See also the article by Castiglione et al in this issue.

Alexandre Cadrin-Chênevert, MD, is a diagnostic and interventional radiologist at CISSS Lanaudière affiliated with Laval University. He has previously served as chief of the medical imaging department. As a Kaggle competition master, he has successfully participated in many machine learning competitions. He is an early member of the Canadian Association of Radiologists artificial intelligence working group. His current research interests include deep learning, computer vision, object detection, self-supervised learning, model generalizability, and public medical imaging datasets.
“Is this chest radiograph normal?” Answering such a question may seem simple for an experienced radiologist who has integrated thousands of previously interpreted examinations into his or her own current subjective representation of normality (1). This hardly explainable representation learned from experience is based on a set of intrinsic factors associated with the image and on extrinsic factors related to the patient’s demographics and symptoms. Producing a useful and accurate radiologic report for the referring physician necessarily involves defining clear and reproducible limits of image normality (2). The factors involved in assessing normality are often complex and cannot be easily broken down.

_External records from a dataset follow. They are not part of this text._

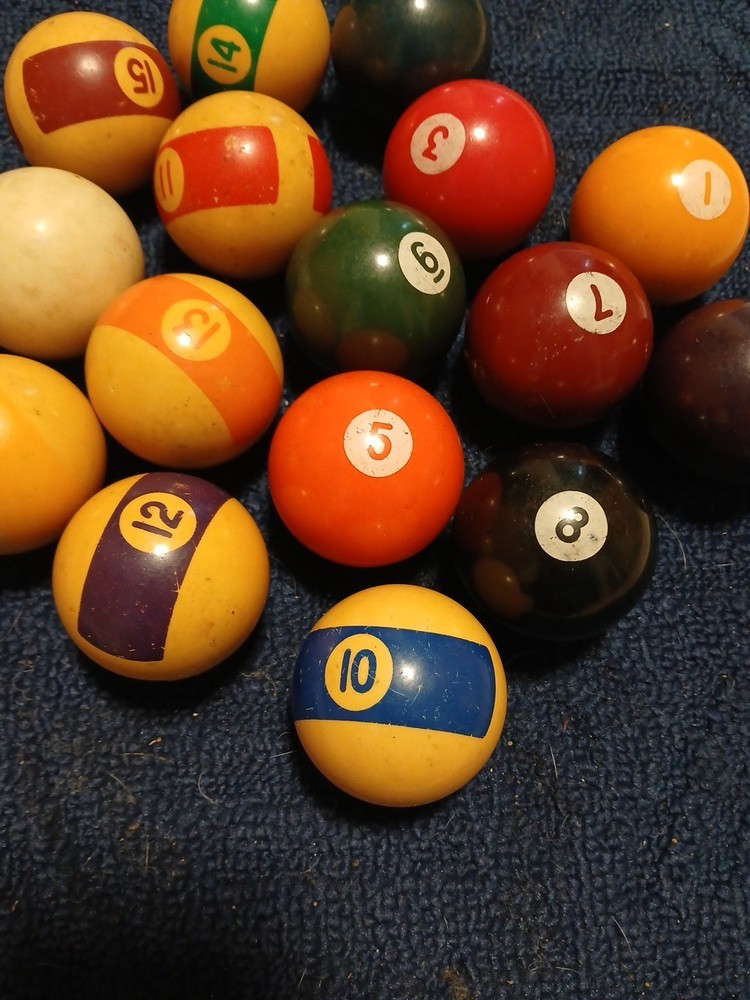 Vintage Broken Stripe Pocket Billiard Balls Complete Set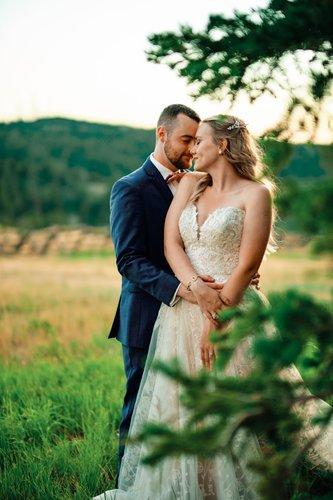 mobile - carousel-hero-element image-1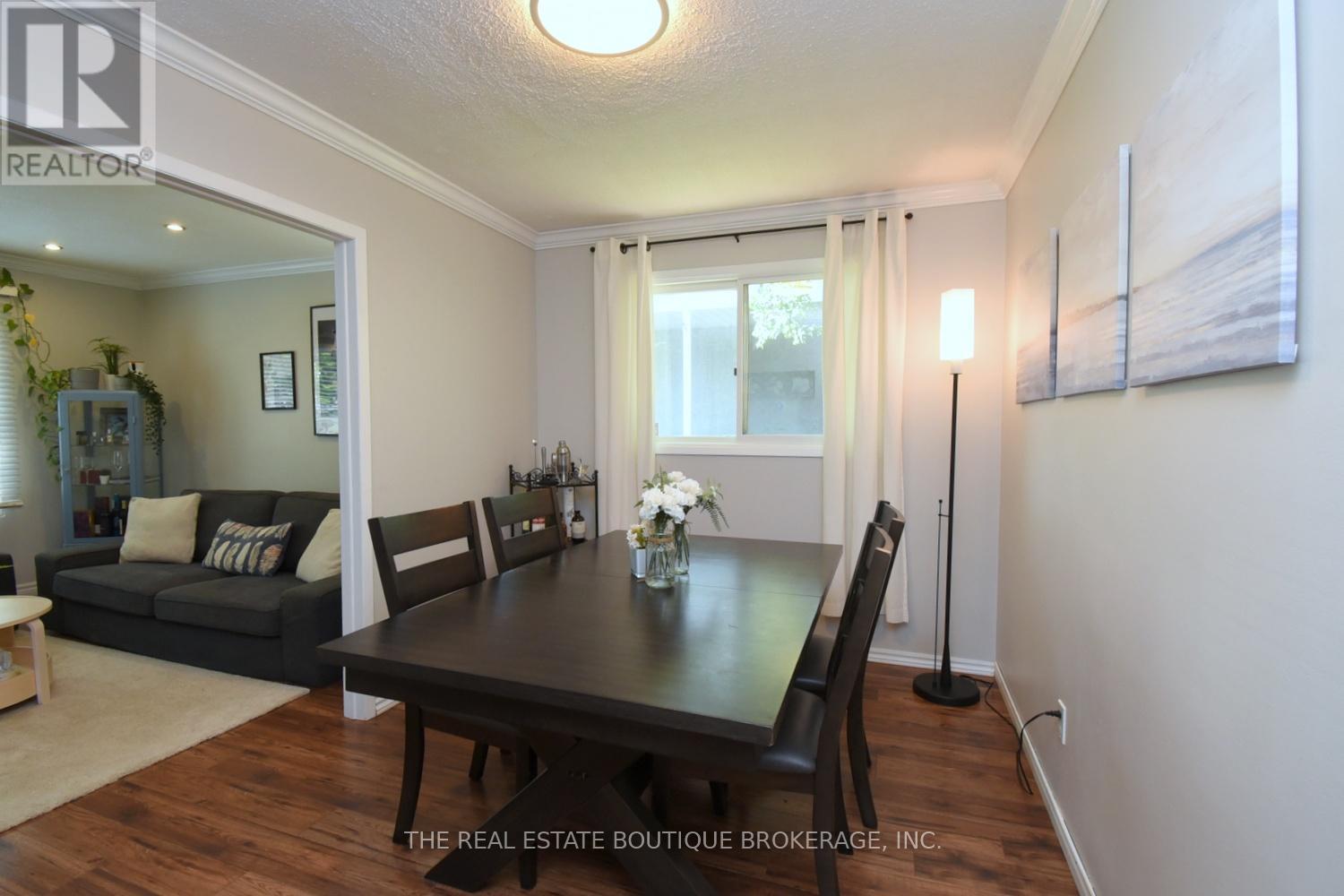 Photo 11 of 2271 Sheffield Drive, Burlington ON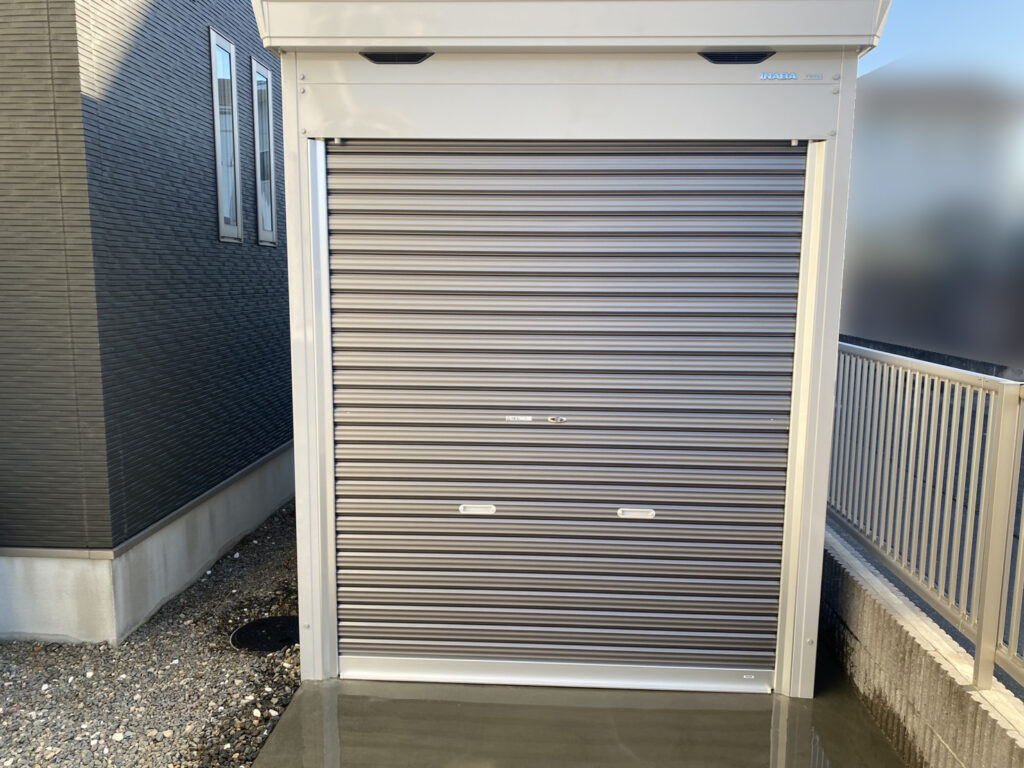 【善通寺市Ｎ様邸】バイクガレージ工事㊗完工｜愛車を守るバイク保管庫完成✨ (株)カインズガーデン｜香川県の庭仕舞い工事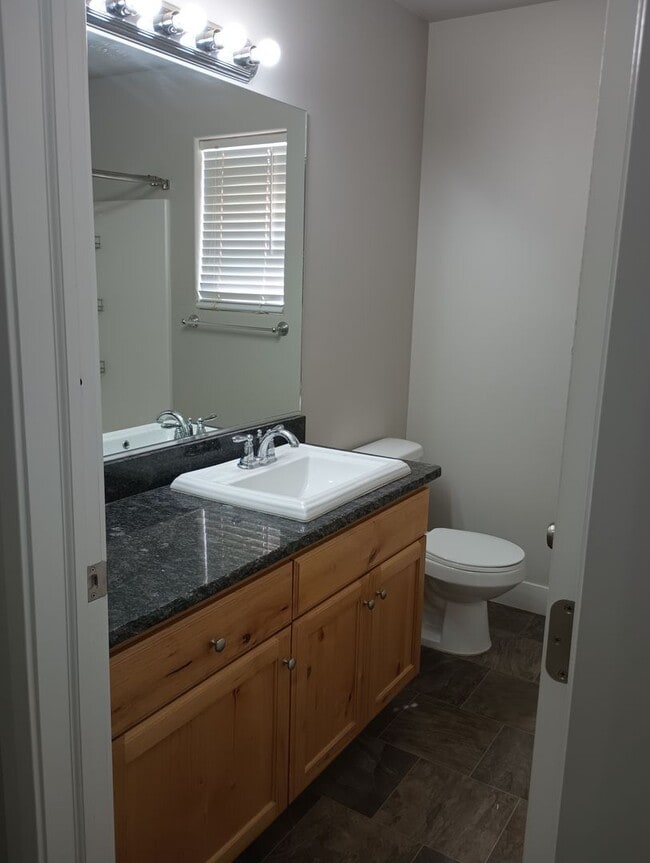 Building Photo - 3 B/ 2 B home in Sunrise Meadows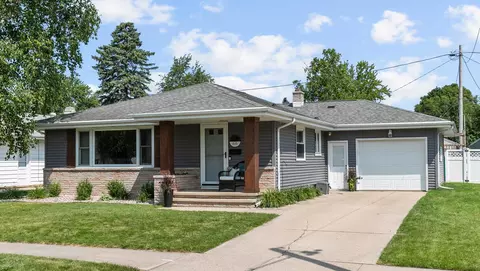 1224 W Roberts Ave, Appleton, WI 54914
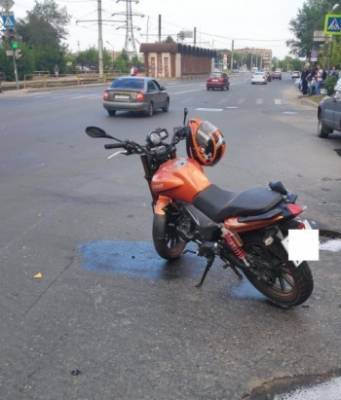 Не выучившая правила дорожного движения водитель из Череповца отправила в больницу мотоциклиста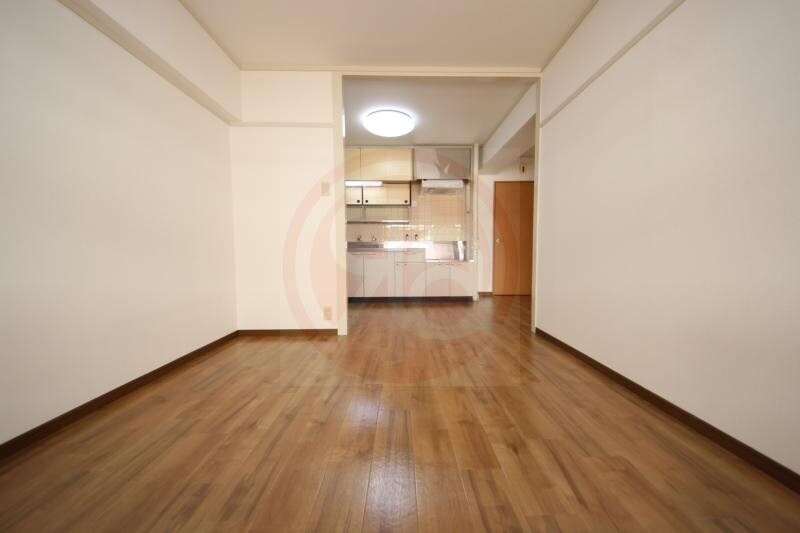 物件内観写真3　(ゆったり過ごせる居間です)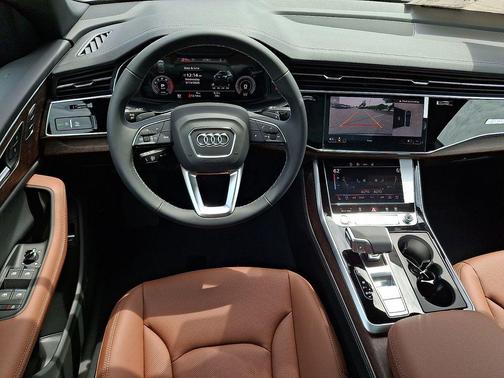 Waitomo Blue Metallic 2026 Audi Q8 55 Premium Plus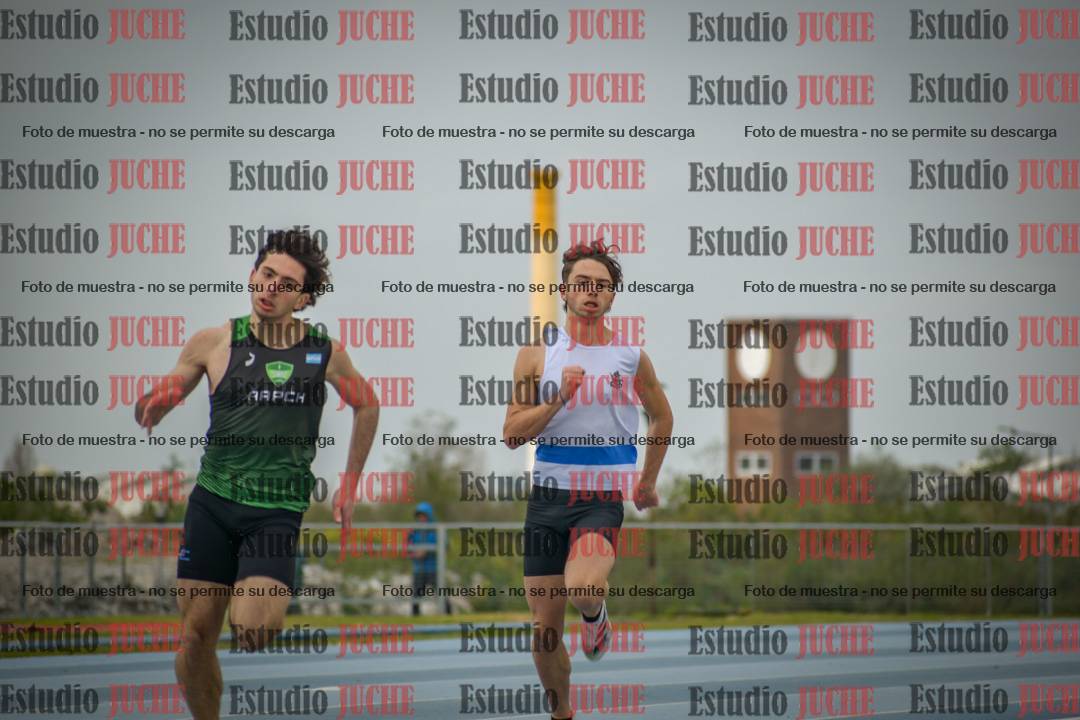 Fotos de los 400 m llanos de varones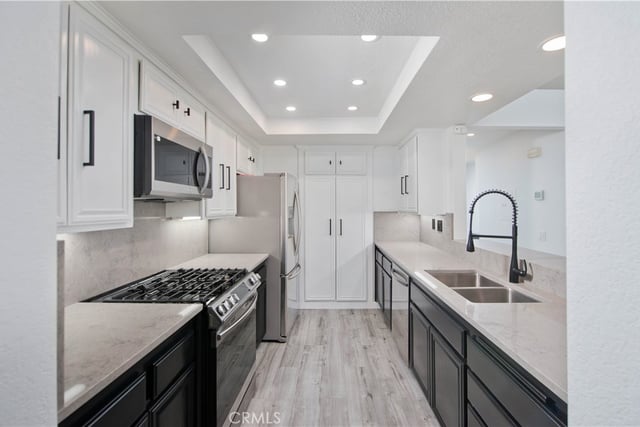 600 Kingswood Lane A, Simi Valley, CA 93065 — photo 12 of 24
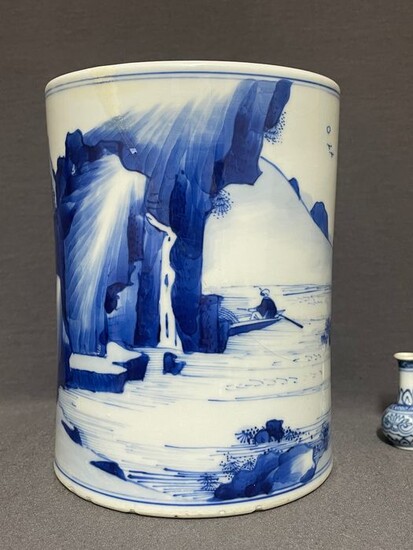 Brushpot "Bitong" - Most beautiful cobalt ever seen - Waterfall, trees, houses, person in boat under - Porcelain - China - Qing Dynasty (1644-1911)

The use of the Greulich and Pyle atlas for the estimation of bone age in pediatric radiology is a typical example of the adaptation required to define thresholds of normality associated with the patient’s age. The application of such an atlas quickly comes up against hidden population biases such as geographic location or genetic characteristics of the population under study (3). In medicine, the use of multivariate nomograms attempts to compensate for these individual biases through simple mathematical relationships that are often linear. Deep learning through iterative optimization learning of the statistical distribution of a dataset is a very powerful tool to help define a normality specific to the context of a subpopulation. The development of a deep learning model of bone age, trained using chronological age from pediatric hand radiographs in a clinical setting of trauma, demonstrated the flexibility of the method to define a new statistical normality (4).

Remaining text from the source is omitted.